Le choix de la Société suisse de radiodiffusion (SSR) de faire faire machine arrière à la bande FM ne concerne pas que nos voisins helvétiques. Il braque un projecteur cru sur une réalité que l’industrie du média audio tend parfois à minimiser : le passage au DAB+ est bien plus complexe que prévu.

Si la radio numérique terrestre (RNT) continue de progresser, son adoption massive reste entravée par des freins techniques, matériels et comportementaux. Le cas suisse agit aujourd’hui comme un avertissement pour l’ensemble du marché européen.

L’exemple suisse : la stratégie industrielle face au mur du réel

Après avoir activement préparé l’extinction progressive de la FM au profit du DAB+, la SSR a surpris en choisissant de réinvestir la bande analogique à grande échelle.

Ce revirement ne signe pas l’échec du numérique, mais il rappelle une vérité fondamentale : une bascule technologique ne se décrète pas.

Elle dépend avant tout de la capacité du public à s’équiper, de la couverture réelle du territoire et de la simplicité d’accès au service au quotidien.

Quels sont les 4 grands obstacles qui freinent le DAB+ ?

1. La couverture et la réception : la fin du mythe du « sans coupure »

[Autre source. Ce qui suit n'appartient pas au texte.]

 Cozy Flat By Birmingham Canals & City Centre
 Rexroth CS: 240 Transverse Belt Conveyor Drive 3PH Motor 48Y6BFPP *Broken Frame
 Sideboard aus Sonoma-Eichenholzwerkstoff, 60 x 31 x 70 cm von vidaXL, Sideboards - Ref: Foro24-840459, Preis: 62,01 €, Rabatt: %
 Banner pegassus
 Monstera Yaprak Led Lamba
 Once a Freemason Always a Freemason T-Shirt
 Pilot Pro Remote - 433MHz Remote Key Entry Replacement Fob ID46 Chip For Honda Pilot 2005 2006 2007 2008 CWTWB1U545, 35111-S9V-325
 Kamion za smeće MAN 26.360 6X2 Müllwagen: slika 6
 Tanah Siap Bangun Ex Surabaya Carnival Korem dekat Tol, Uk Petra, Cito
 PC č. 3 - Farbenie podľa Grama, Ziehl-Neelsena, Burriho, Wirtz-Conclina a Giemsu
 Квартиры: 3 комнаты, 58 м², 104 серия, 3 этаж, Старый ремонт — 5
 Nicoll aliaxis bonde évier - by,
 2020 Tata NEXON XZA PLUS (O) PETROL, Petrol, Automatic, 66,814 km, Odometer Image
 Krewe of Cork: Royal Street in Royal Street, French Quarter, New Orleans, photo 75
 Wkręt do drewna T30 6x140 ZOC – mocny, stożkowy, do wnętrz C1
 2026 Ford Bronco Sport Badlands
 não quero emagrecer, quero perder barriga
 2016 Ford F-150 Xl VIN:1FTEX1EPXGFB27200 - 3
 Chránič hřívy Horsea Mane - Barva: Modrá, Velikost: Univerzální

Le premier point noir du DAB+ réside dans la promesse d’une réception parfaite. Contrairement au discours marketing d’une radio numérique « sans aucune interférence », la réalité du terrain est plus mitigée :

  • Zones blanches et contraintes géographiques persistent.
  • Problèmes d’antennes et sensibilité aux variations d’environnement.
  • Coupures intempestives en voiture, particulièrement mal vécues par les automobilistes lors des changements de fréquence.

2. Le parc d’équipements : le poids de l’inertie matérielle

Un standard technologique ne s’impose pas seulement par sa supériorité technique, mais par sa disponibilité immédiate.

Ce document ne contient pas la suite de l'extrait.